OV GPU integration #207

kurapov-peter · 2024-08-01T12:08:36Z

No description provided.

dchigarev · 2024-08-27T09:04:55Z

Openvino branch with the current state: https://github.com/dchigarev/openvino/tree/gc-gpu (semi-working)

Current status:
There are two pipelines in OpenVINO that can use our GC-GPU pipeline:

OpenVINO CPU:
- the data is originally on CPU
- the mlir module accepts CPU pointers
- our module copies the data to GPU and the result back to CPU
- our mlir module is responsible for creating cl::Buffers and cl::CommandQueue
The GC-GPU integration with the openVINO CPU pipeline works. A simple mlir module can be executed and the output result is correct.
OpenVINO GPU (star* marked points mean, that they're not yet implemented):
- the data is originally on GPU (cl::Buffer) (allocated by OV)
- *the mlir module accepts pointers to (cl_mem/cl::Buffer)
- *the mlir module accepts a pointer to cl::CommandQueue (that contains information about device)
- *the mlir module using our OpenCLRuntimeWrapper submits our kernel to the received queue
This part doesn't function for now. Working on it.
From where we can receive cl::Buffers/cl::CommandQueue in openVINO
To where we should propagate them

An example of a simple MLIR module that GC receives from openVINO

module @fragment_name {
  func.func @entry(%arg0: memref<64x128xf32>, %arg1: memref<128x128xf32>, %arg2: memref<64x128xf32>) {
    %0 = bufferization.to_tensor %arg0 restrict : memref<64x128xf32>
    %1 = bufferization.to_tensor %arg1 restrict : memref<128x128xf32>
    %2 = tensor.empty() : tensor<64x128xf32>
    %cst = arith.constant 0.000000e+00 : f32
    %3 = linalg.fill ins(%cst : f32) outs(%2 : tensor<64x128xf32>) -> tensor<64x128xf32>
    %4 = linalg.matmul ins(%0, %1 : tensor<64x128xf32>, tensor<128x128xf32>) outs(%3 : tensor<64x128xf32>) -> tensor<64x128xf32>
    %5 = tensor.empty() : tensor<64x128xf32>
    %6 = linalg.add ins(%4, %0 : tensor<64x128xf32>, tensor<64x128xf32>) outs(%5 : tensor<64x128xf32>) -> tensor<64x128xf32>
    bufferization.materialize_in_destination %6 in restrict writable %arg2 : (tensor<64x128xf32>, memref<64x128xf32>) -> ()
    return
  }
}

kurapov-peter · 2024-08-27T10:11:36Z

I think we can skip the queue passing (#230) for the time being and create a new one each time we submit a kernel. This should still be functional, queue passing should be a separate problem.

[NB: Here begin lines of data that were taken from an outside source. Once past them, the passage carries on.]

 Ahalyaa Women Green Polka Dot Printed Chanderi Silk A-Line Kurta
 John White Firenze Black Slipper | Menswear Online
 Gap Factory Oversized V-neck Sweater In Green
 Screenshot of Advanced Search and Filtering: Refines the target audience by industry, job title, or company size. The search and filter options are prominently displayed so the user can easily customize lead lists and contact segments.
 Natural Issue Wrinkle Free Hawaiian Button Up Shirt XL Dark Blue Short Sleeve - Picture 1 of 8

dchigarev · 2024-09-03T12:37:49Z

Current status:

Simple openvino subgraphs are successfully compiled and executed using GPU pipeline from GC
GPU buffers that are allocated on OpenVino side are successfully propagated and obtained* by our openclRuntime (*with hacks that help to distinguish between USM and cl::Buffer in openclRuntime. See 'Things left to do.1' for more info)
Working on a set of sanity-tests in OpenVino for GC integration.

Things left to do:

We need to distinguish between USM and cl::Buffer pointers in our OpenCLRuntimeWrapper::launchKernel as we need to handle them differently when setting as a kernel's argument (we have to call clSetKernelArg for cl::Buffer and clSetKernelArgMemPointerINTEL for USM).

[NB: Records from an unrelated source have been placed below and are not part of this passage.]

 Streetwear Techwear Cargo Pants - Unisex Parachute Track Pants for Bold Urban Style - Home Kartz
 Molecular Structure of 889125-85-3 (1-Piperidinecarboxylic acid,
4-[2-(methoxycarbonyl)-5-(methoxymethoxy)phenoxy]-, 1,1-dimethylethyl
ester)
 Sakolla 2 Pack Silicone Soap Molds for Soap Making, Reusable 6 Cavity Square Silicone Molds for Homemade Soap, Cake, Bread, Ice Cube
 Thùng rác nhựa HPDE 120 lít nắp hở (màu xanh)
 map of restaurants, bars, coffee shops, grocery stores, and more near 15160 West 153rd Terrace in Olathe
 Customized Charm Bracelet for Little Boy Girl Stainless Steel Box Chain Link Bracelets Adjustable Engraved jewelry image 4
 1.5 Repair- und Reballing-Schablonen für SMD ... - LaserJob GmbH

There are two options of how we can do this:
- a. Use clGetMemAllocInfoINTEL to determine if a pointer we're dealing with is a USM (requires openvino's cl::queue and context)
- b. Figure out a structure that describes which argument is what and pass it from openvino to our runtime
For now we're waiting for Support external queue for kernel submission #230 to be completed and then we'll try to go with the option 'a.'
Figure out a mechanism of how we can pass openvino's cl::queue to our openclRuntime (Support external queue for kernel submission #230). The queue can be extracted from here as dynamic_cast<cldnn::ocl::ocl_stream&>(stream).get_cl_queue() and then propagated to the MLIR module
Support more linalg operations in linalg-to-xegpu pass. OpenVino tends to produce linalg.matmul_transpose_* operations that are not supported by our xegpu lowering. The unsupported operations still work though but xegpu ops are not used.

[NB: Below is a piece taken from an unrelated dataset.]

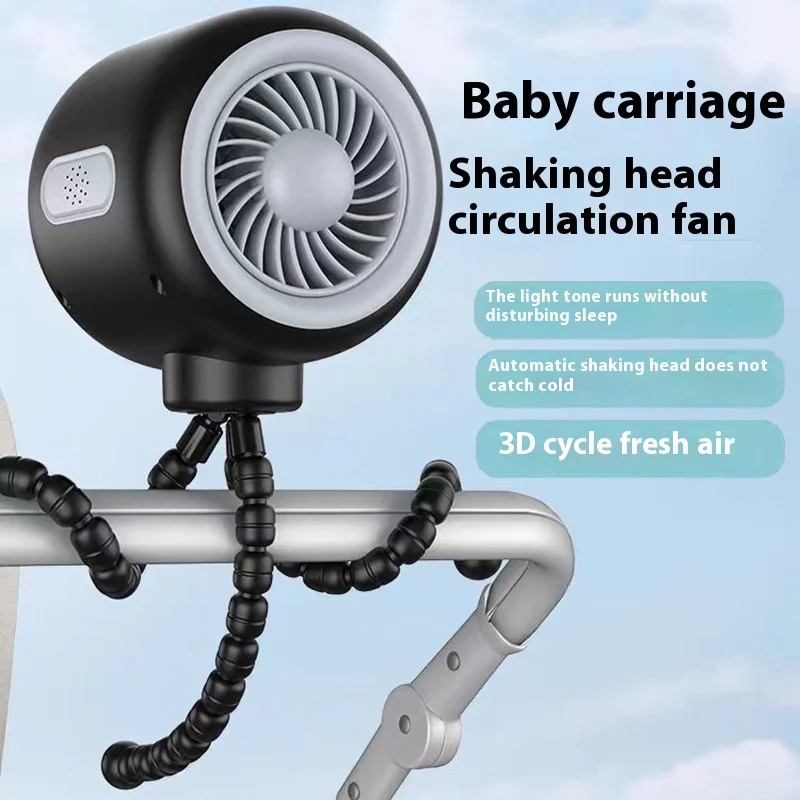 

Baby Stroller Fan Hand Held Rechargeable USB Small Shakeable Folding Fans Mini Ventilator Silent Table Outdoor Cooler Neck Fan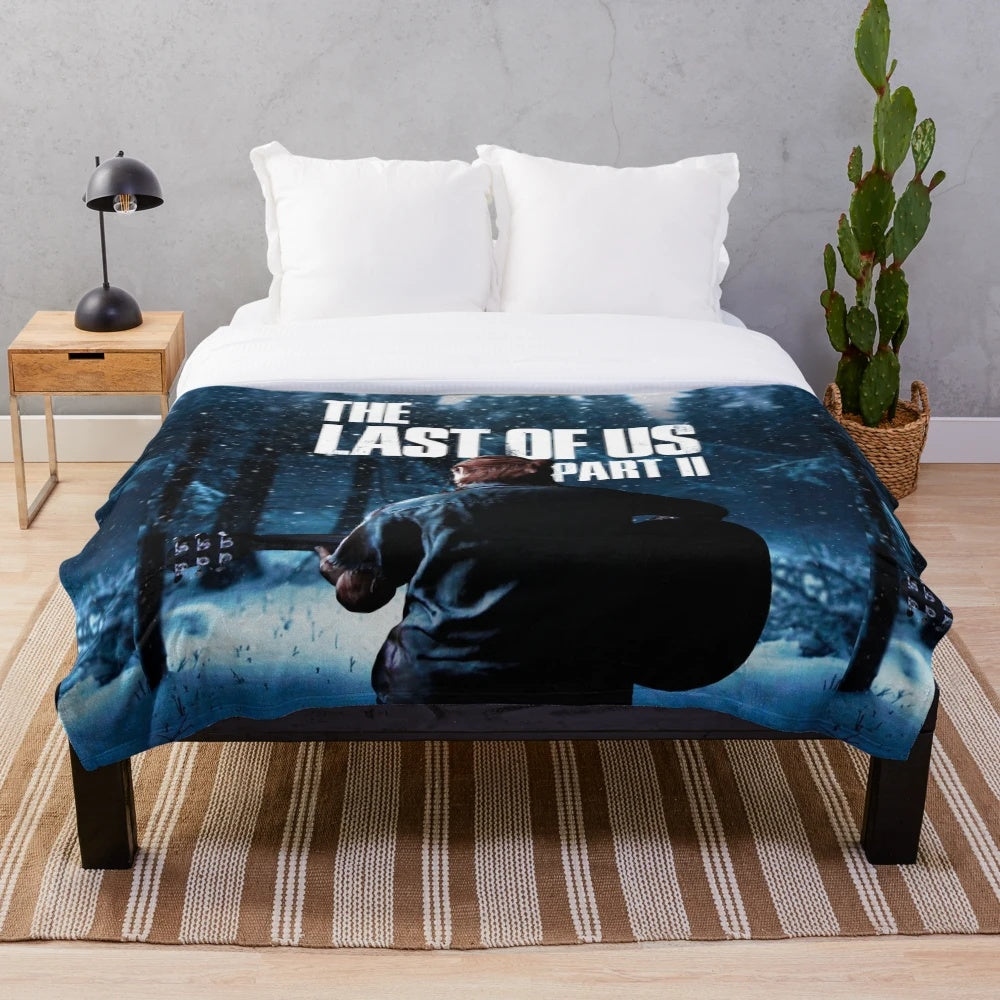 The Last of Us Part 2 inspired plush blanket featuring a snowy winter landscape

For example: in case of linalg.matmul_transpose_b regular arith.mulf + arith.addf in a for loop would be used instead of xegpu.dpas intrinsic.
Align our IMEX and GC forks that were created for this integration with upstream

An example of a simple MLIR module that GC receives from openVINO

module @fragment_name {
  func.func @entry(%arg0: memref<64x128xf32>, %arg1: memref<128x128xf32>, %arg2: memref<64x128xf32>) {
    %0 = bufferization.to_tensor %arg0 restrict : memref<64x128xf32>
    %1 = bufferization.to_tensor %arg1 restrict : memref<128x128xf32>
    %2 = tensor.empty() : tensor<64x128xf32>
    %cst = arith.constant 0.000000e+00 : f32
    %3 = linalg.fill ins(%cst : f32) outs(%2 : tensor<64x128xf32>) -> tensor<64x128xf32>
    %4 = linalg.matmul ins(%0, %1 : tensor<64x128xf32>, tensor<128x128xf32>) outs(%3 : tensor<64x128xf32>) -> tensor<64x128xf32>
    %5 = tensor.empty() : tensor<64x128xf32>
    %6 = linalg.add ins(%4, %0 : tensor<64x128xf32>, tensor<64x128xf32>) outs(%5 : tensor<64x128xf32>) -> tensor<64x128xf32>
    bufferization.materialize_in_destination %6 in restrict writable %arg2 : (tensor<64x128xf32>, memref<64x128xf32>) -> ()
    return
  }
}

cc @AndreyPavlenko

AndreyPavlenko · 2024-09-03T13:00:38Z

The clGetMemAllocInfoINTEL approach seems not reliable. We have agreed on adding additional parameters to MLIR and to pass the buffer types in the params.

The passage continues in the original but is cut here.